The first mosque built from the ground up in the United States was erected in Cedar Rapids, Iowa, almost a century ago by immigrants from Lebanon. Today it’s called “The Mother Mosque of America.”
Fatima Igram Smejkal, a trustee of the Islamic Center of Cedar Rapids, is one of the many descendants of those Lebanese immigrants who built and fostered the Muslim community in Cedar Rapids.
Her photo books tell their story.
“This is the mosque, the Mother Mosque behind them. As you can see, it was called then the Moslem Temple. You can see the United States flag right there, which was very important to the immigrants. And my father, Abdullah Igram, is here on the left,” she said.
Her grandfather was among the tens of thousands of Christian and Muslim young men who fled the Ottoman Empire in the early 20th century with little more than a Bible, or in his case the Quran.
“My grandfather came to this country in 1916. He went to Ellis Island. The family did meet my grandfather, took him to Danbury, Connecticut, from Ellis Island. Eventually they brought him to the Midwest, to Cedar Rapids, Iowa,” said Smejkal.
They settled in Midwestern towns that were booming agriculture and business centers linked by railroads and waterways.
“They would have prayers and they would meet with families in homes. And they would, you know, pray and read from the holy book. And then they would have like a social hour. And they would, they knew that they needed a place larger than just going from home to home,” said Smejkal.
So in the 1920s a group of Cedar Rapids Muslim women began fundraising with bake sales and dinners to build a mosque.
“So they built the small mosque, which is now called the Mother Mosque,” said Smejkal. “And at that time it was called the Nadi, which was meeting place.”
Used for both prayer and as a social hall, the mosque was officially opened in February of 1934.

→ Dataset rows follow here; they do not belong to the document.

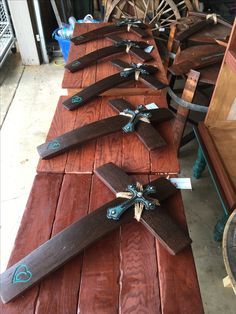 several wooden crosses are lined up on a table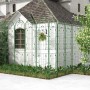Grünes Metall Rankgitter Set als Gartenzaun mit dekorativen Bögen und Blättern. Robuste Rankhilfe für Kletterpflanzen im Garten.
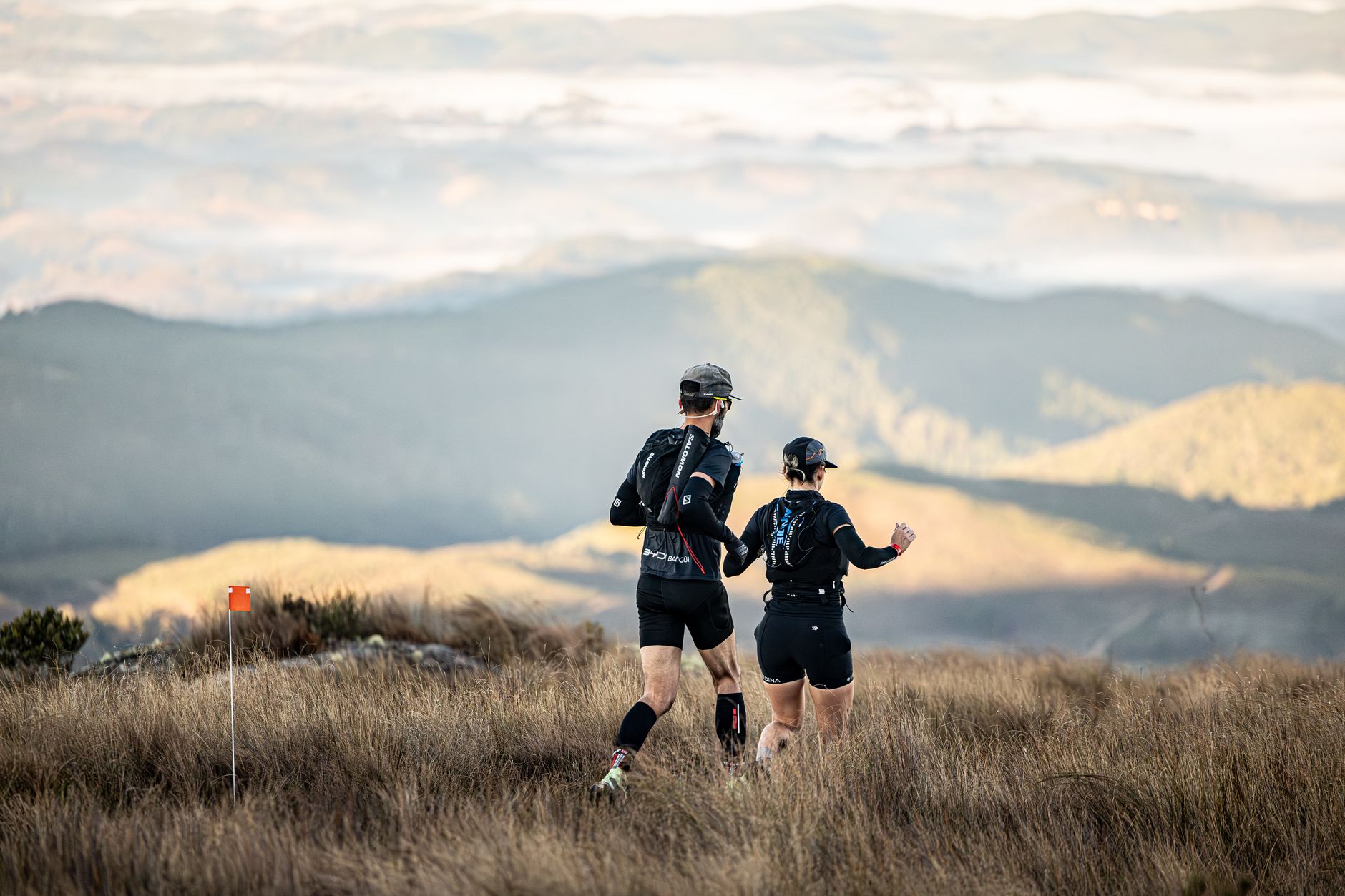 Deux coureurs de sentier naviguant dans un paysage de montagne pittoresque pendant la journée.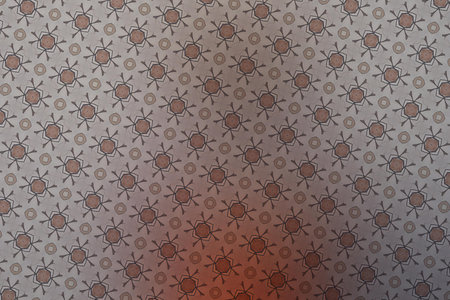 Textile cloth black and orange with a kaleidoscope pattern that can be used as a backgroundの写真素材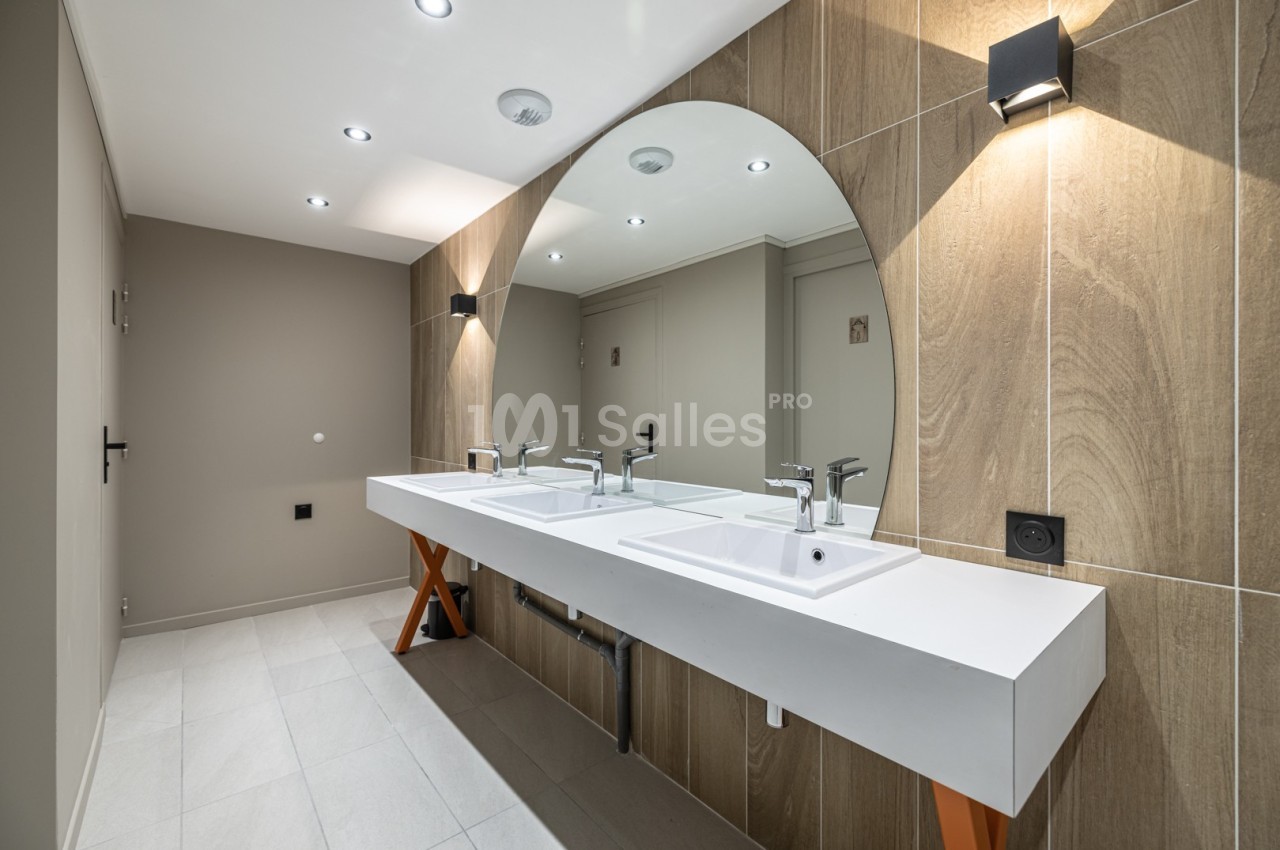Deux lavabos modernes avec miroir arrondi, éclairage intégré et mur en bois clair dans une salle de bain contemporaine.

“These pictures show the activity and how the community were vibrant and alive all these years, 100 years,” said Imam Taha Tawil, of “The Mother Mosque of America.” Tawil came to Cedar Rapids in the 1980s and also served as a faith leader at the Islamic Center of Cedar Rapids. “And this is Tima, this is Tima with her mom Aziza,” he said.
“Then in 1972 they built the Cedar Rapids Islamic Center because we outgrew the small mosque,” said Smejkal.
Today the Muslim community that founded the “Mother Mosque” keeps growing. Both their descendants and newcomers from Afghanistan, East Africa and beyond are continuing to redefine being both Muslim and American in the heartland.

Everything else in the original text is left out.